SUPPLIED INFORMATION:
○ ○ ○ ○ ○ ○ ○
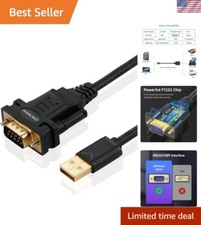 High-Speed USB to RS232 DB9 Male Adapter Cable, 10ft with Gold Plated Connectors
○ ○ ○ ○ ○ ○ ○
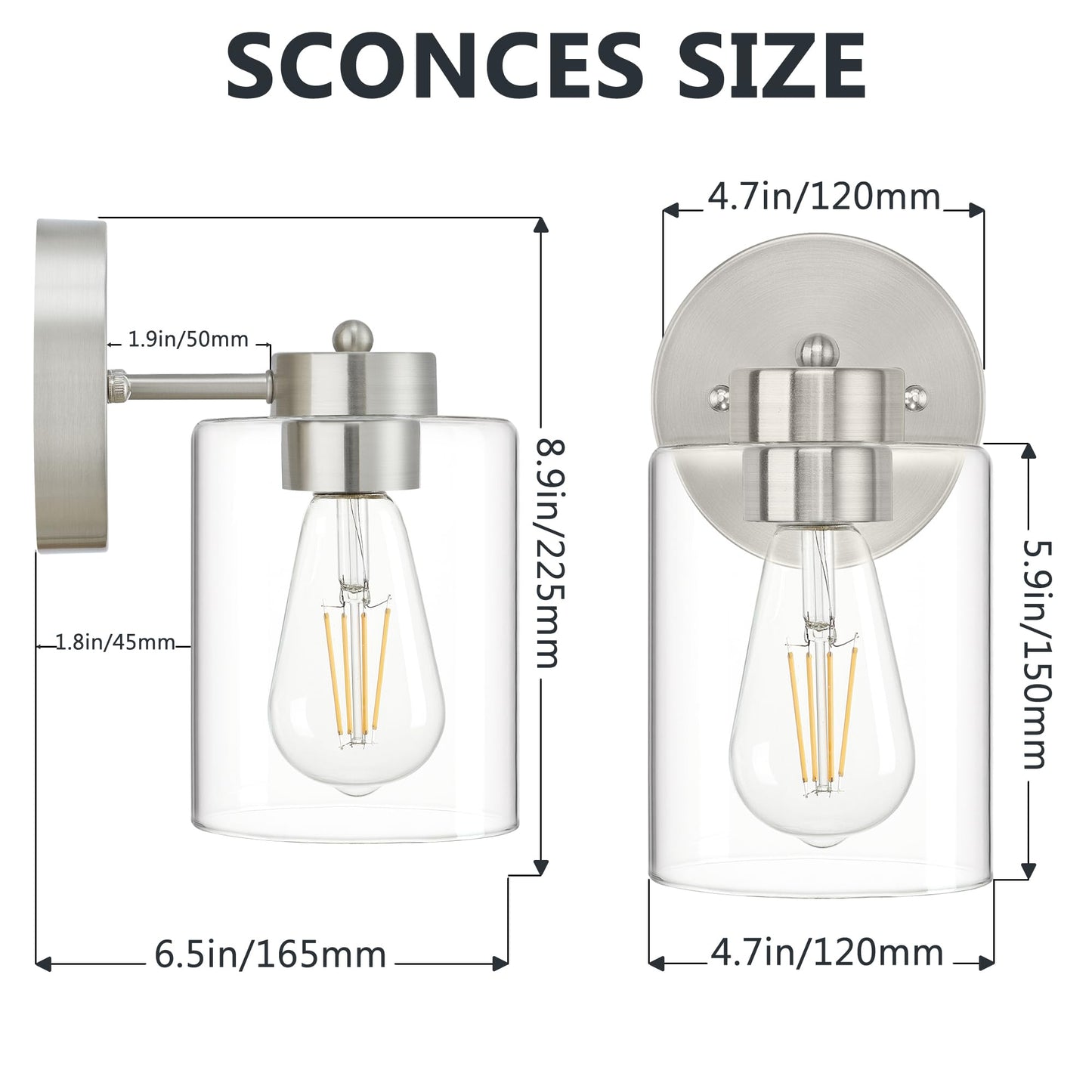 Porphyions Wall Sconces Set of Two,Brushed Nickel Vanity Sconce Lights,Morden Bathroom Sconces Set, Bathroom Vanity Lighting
○ ○ ○ ○ ○ ○ ○
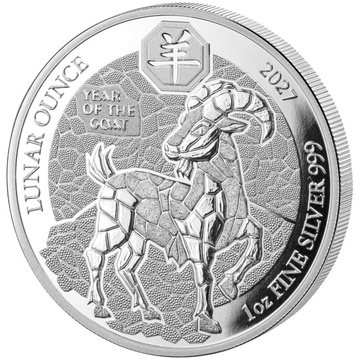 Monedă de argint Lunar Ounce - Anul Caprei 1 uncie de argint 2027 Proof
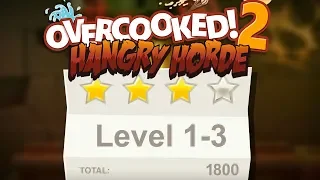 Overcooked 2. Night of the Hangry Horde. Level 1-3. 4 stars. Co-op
○ ○ ○ ○ ○ ○ ○
WHAT THIS TASK INVOLVES:
Nothing but the lines from the one with "Monedă de argint" up to and including the one with "Overcooked 2. Night" should be printed, exactly as they read above. Please keep the pictures out.

RESULT:
 Monedă de argint Lunar Ounce - Anul Caprei 1 uncie de argint 2027 Proof
 Overcooked 2. Night of the Hangry Horde. Level 1-3. 4 stars. Co-op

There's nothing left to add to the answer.